Rights group criticises Saudi Arabia over detentions


Saudi authorities arrested two men and five women who made a rare protest on Thursday over detention without charge in the country’s campaign against al Qaeda.
Security forces said they had found weapons at the home of one of the activists, Rima al-Juraish, who had organised the sit-in with the other women outside Buraida state security headquarters, north of the capital, over the detentions of their husbands. Acquaintances said the weapons were planted by police.


Abdullah al-Hamed, the lawyer for Juraish’s husband, Muhammad al-Hamili, one of 3,000 men the authorities say are being held in detention without charge on suspicion of links to militants, was detained with the group along with his brother.


"It’s deeply disturbing that Saudi intelligence forces feel free to arrest a lawyer for defending his client’s rights," said Sarah Leah Whitson, Human Rights Watch’s Middle East director.


"The security forces should be protecting people’s rights to peaceful protest, not whisking them off to jail."


The Saudi authorities have detained Hamili without charge or trial for between two and three years, the group said.


"Human Rights Watch has documented cases of detainees … without charge or trial in excess of three years, even though Saudi law stipulates that detainees must be brought to trial or released within six months of their arrest," it said.

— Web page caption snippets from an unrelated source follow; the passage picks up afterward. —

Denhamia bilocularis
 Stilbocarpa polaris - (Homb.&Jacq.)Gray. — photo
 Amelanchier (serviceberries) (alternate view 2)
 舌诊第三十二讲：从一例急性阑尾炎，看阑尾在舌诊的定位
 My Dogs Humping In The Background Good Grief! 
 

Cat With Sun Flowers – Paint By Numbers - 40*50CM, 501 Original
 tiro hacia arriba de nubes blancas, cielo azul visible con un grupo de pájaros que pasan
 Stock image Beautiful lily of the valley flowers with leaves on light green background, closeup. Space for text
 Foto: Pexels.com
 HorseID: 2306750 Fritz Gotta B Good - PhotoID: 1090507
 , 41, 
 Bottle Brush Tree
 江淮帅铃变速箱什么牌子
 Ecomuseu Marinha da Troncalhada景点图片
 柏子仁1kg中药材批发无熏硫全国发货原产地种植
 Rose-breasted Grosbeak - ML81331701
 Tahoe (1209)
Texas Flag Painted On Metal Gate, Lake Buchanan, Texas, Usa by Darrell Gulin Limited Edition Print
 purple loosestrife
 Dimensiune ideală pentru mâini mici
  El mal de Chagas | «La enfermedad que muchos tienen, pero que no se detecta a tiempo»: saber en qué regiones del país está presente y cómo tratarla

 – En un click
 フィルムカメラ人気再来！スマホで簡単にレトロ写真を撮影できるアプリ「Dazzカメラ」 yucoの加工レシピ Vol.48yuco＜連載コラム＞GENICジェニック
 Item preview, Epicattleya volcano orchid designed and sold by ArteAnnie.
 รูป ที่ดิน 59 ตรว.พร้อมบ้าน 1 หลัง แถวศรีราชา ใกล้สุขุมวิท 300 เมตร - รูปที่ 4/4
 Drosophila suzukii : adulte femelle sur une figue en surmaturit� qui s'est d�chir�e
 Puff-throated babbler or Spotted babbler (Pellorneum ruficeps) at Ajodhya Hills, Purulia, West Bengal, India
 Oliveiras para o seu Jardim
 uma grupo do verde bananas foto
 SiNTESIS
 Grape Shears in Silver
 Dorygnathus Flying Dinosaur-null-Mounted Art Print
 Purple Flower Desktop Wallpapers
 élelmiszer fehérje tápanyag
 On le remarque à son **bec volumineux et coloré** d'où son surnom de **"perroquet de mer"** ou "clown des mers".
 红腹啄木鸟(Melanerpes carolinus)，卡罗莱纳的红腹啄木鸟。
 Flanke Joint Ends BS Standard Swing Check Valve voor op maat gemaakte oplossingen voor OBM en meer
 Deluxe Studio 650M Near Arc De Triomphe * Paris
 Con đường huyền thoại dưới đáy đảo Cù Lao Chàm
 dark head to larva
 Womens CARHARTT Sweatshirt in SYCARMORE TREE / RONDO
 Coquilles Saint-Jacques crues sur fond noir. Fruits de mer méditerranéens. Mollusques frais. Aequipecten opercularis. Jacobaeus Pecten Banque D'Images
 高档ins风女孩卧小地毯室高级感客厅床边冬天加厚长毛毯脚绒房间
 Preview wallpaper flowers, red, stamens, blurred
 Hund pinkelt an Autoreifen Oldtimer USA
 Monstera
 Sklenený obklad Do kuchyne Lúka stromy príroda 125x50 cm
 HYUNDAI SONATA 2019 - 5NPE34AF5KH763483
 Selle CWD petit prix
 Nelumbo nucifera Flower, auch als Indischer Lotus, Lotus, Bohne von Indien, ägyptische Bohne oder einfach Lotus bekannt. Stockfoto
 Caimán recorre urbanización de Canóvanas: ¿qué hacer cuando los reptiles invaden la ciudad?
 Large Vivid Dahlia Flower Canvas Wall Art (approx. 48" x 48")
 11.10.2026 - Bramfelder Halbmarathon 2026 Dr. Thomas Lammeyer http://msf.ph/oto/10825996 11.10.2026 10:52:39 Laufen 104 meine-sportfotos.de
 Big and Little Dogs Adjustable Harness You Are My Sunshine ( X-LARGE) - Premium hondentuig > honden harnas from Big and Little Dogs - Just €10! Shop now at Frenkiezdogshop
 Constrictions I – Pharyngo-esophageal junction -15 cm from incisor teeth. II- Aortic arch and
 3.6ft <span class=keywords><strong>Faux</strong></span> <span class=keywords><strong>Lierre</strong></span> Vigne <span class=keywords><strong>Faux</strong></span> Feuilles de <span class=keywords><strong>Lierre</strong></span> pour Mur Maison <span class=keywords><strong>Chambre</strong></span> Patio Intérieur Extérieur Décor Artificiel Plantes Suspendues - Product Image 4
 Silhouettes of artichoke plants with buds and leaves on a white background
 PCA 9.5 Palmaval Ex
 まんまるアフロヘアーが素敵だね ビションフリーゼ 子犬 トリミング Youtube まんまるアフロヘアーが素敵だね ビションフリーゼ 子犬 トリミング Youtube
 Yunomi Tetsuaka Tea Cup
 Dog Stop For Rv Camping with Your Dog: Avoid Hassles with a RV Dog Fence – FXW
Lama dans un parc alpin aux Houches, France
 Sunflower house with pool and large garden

"The government should ensure that law enforcement officers do not arrest persons for exercising their fundamental rights to peacefully demonstrate or express their opinion."


Hamed was released on bail and it was not clear if he would face trial, said one of his colleagues, who wished not to be named. Juraish was released on Sunday. The other four women were held for several hours.


Al Qaeda-linked Islamists launched a campaign to bring down the monarchy in 2003, targeting government installations, foreigners and the oil industry.
Hamed was one of three reform activists jailed in 2005 for organising a petition calling for Saudi Arabia, a U.S. ally and the world’s largest oil exporter, to be transformed from an absolute monarchy into a constitutional democracy.


King Abdullah pardoned the men later that year after he ascended to the throne of the vast desert kingdom, which has no political parties and bans street protests.